Thought identification refers to the empirically verified use of technology to, in some sense, read people's minds. Advances in research have made this possible by using human neuroimaging to decode a person's conscious experience based on non-invasive measurements of an individual's brain activity.
Professor of neuropsychology Barbara Sahakian qualifies, "A lot of neuroscientists in the field are very cautious and say we can't talk about reading individuals' minds, and right now that is very true, but we're moving ahead so rapidly, it's not going to be that long before we will be able to tell whether someone's making up a story, or whether someone intended to do a crime with a certain degree of certainty."
Psychologist John Dylan-Haynes experienced breakthroughs in brain imaging research in 2006 by using fMRI. This research included new findings on visual object recognition, tracking dynamic mental processes, lie detecting, and decoding unconscious processing. The combination of these four discoveries revealed such a significant amount of information about an individual's thoughts that Haynes termed it "brain reading".
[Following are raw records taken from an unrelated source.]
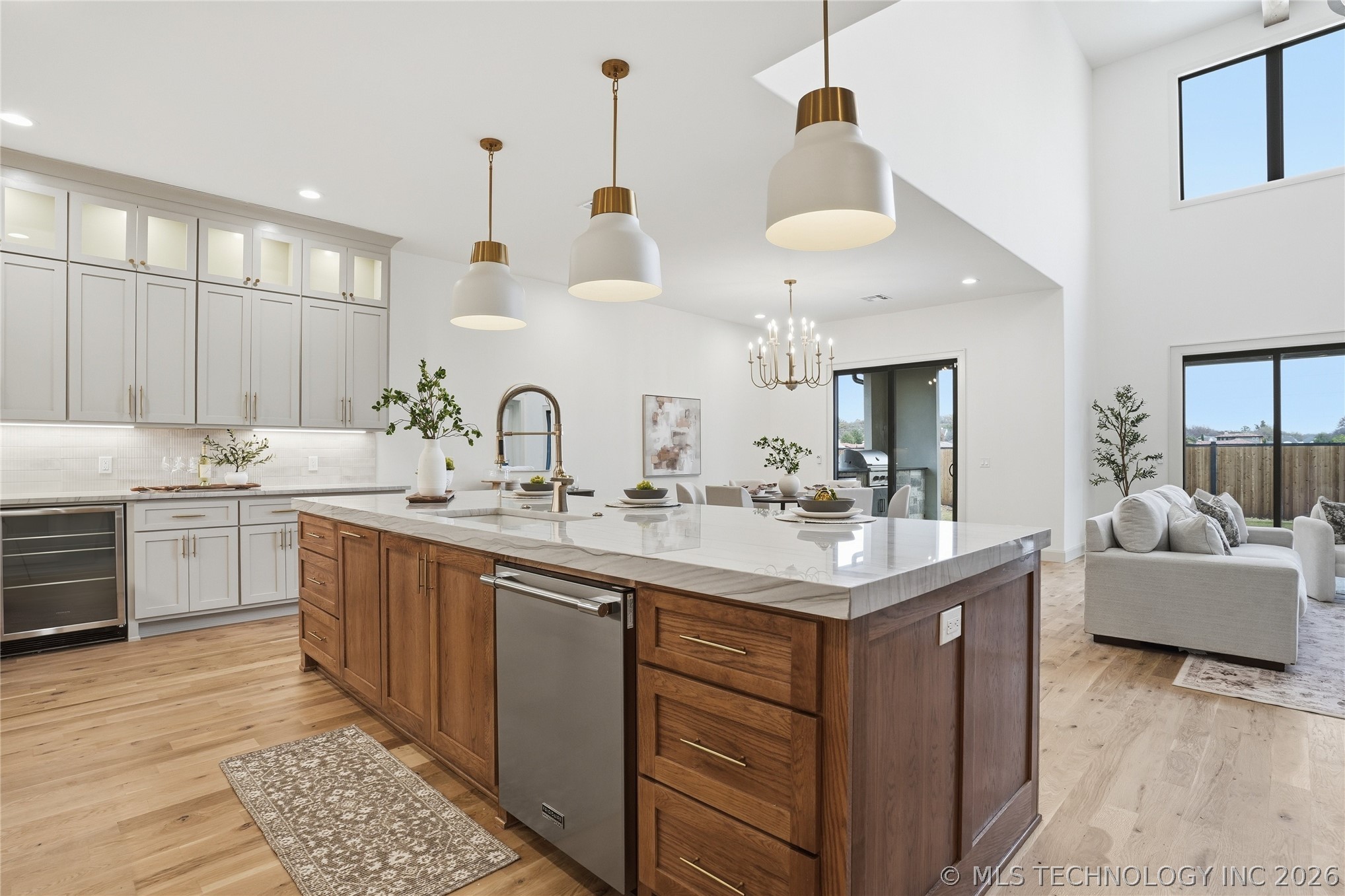 12029 S Vandalia Avenue Property Photo 4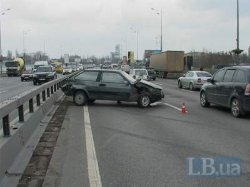 В Киеве грузовик протаранил легковушку, есть пострадавший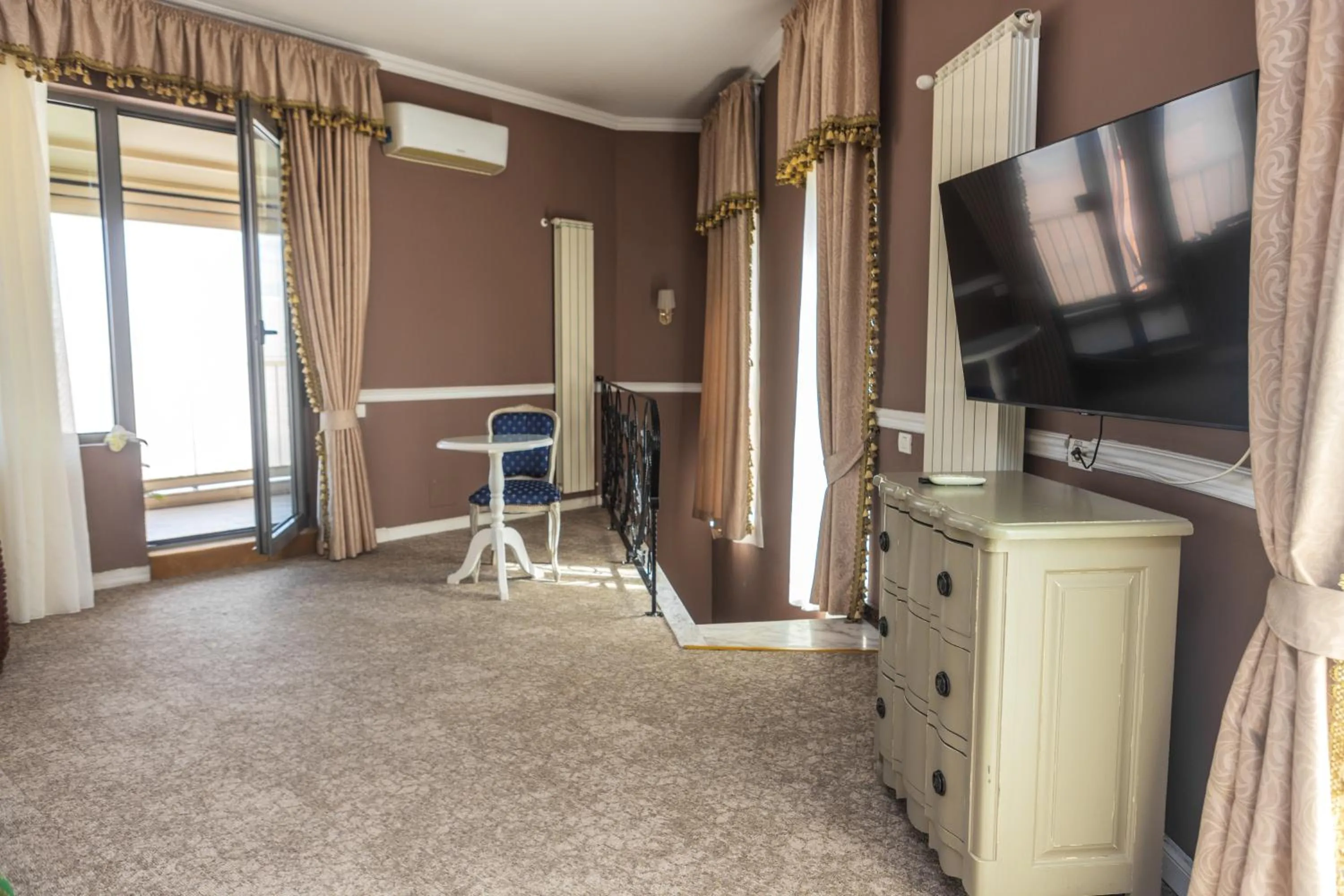 TV and multimedia in Villa Boutique Lafayette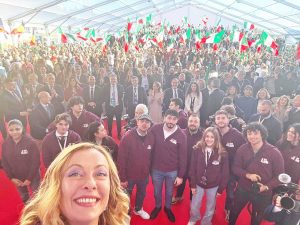 Il selfie di Giorgia Meloni ad Atreju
The fMRI has allowed research to expand by significant amounts because it can track the activity in an individual's brain by measuring the brain's blood flow. It is currently thought to be the best method for measuring brain activity, which is why it has been used in multiple research experiments in order to improve the understanding of how doctors and psychologists can identify thoughts.
The term "thought identification" started being used in 2009 after neuroscientist Marcel Just coined it in a 60 Minutes interview. His reasoning for this term pertains to his overall goal of his research "to see if they could identify exactly what happens in the brain when people think specific thoughts."
When humans think of an object, such as a screwdriver, many different areas of the brain activate. Marcel Just and his colleague, Tom Mitchell, have used fMRI brain scans to teach a computer to identify the various parts of the brain associated with specific thoughts.
This technology also yielded a discovery: similar thoughts in different human brains are surprisingly similar neurologically. To illustrate this, Just and Mitchell used their computer to predict, based on nothing but fMRI data, which of several images a volunteer was thinking about. The computer was 100% accurate, but so far the machine is only distinguishing between 10 images.